CNBC and BBC suspend television programmes over Sarawak whistleblower allegations – Bruno Manser Fund demands apology


By Bruno Manser Fund

Leading global television networks accused of illegally promoting corrupt Malaysian politicians – Sarawak Chief Minister, Abdul Taib Mahmud, had bought himself airtime to spread blatant lies over Borneo rainforest logging.

CNBC, the American satellite and cable television news channel, has withdrawn its international business show, “World Business”, following allegations that the show’s production company, FBC (“Fact Based Communications”), was doubling as a PR firm for corrupt Malaysian politicians. Meanwhile, the British BBC, another FBC customer, has suspended broadcasting all FBC-produced programmes and launched an internal investigation.

Last Monday, Sarawak Report, a news website run by Clare Rewcastle, the sister-in-law of former British Prime Minister Gordon Brown, revealed that the UK-based FBC Group had been paid 5 million US dollars by Abdul Taib Mahmud (“Taib”), Chief Minister of the Malaysian state of Sarawak, to promote the politician’s battered international reputation. Other payments to FBC have apparently been made by the Malaysian Prime Minister, Najib Razak, and by Sime Darby, a palm oil group responsible for clear-cutting large tracts of tropical rainforest in Malaysian Borneo.

On 27 March 2011, the CNBC’s “World Business” show broadcast an interview with Taib, in which he claimed that 80 per cent of the state’s forests were “almost intact” tropical rainforest. The statement was broadcast uncommented despite being in stark contrast to all independent analysis and to Taib’s own earlier statements. In April 2001, Taib publicly admitted that 90 percent of the state’s harvestable trees had been felled.

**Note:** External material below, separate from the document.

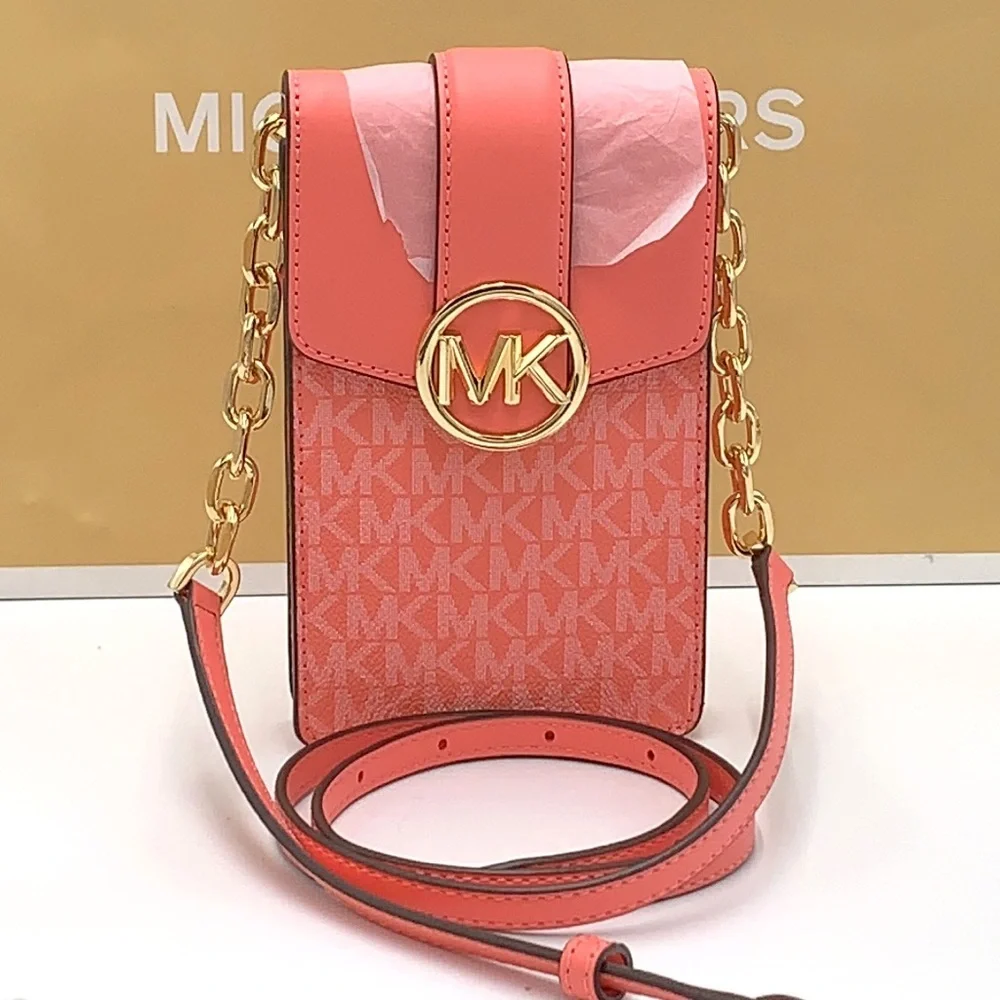 Michael Kors Carmen Small Logo Smartphone Crossbody Grapefruit signature color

By broadcasting sponsored news and current affairs programmes, the CNBC and the BBC appear to have breached British and American media regulations.
The Bruno Manser Fund is shocked to learn that leading global television networks are broadcasting shows that are unlawfully sponsored by corrupt Malaysian politicians and by companies responsible for the destruction of Borneos’s unique tropical rainforests.

We demand that CNBC and the BBC apologize to the public over the broadcasting of sponsored FBC shows that are distorting the facts. In particular, we are asking CNBC to send a team of investigative reporters to Sarawak to accurately report on the extent of the Taib regime’s corruption and the rapid destruction of Borneo’s natural environment.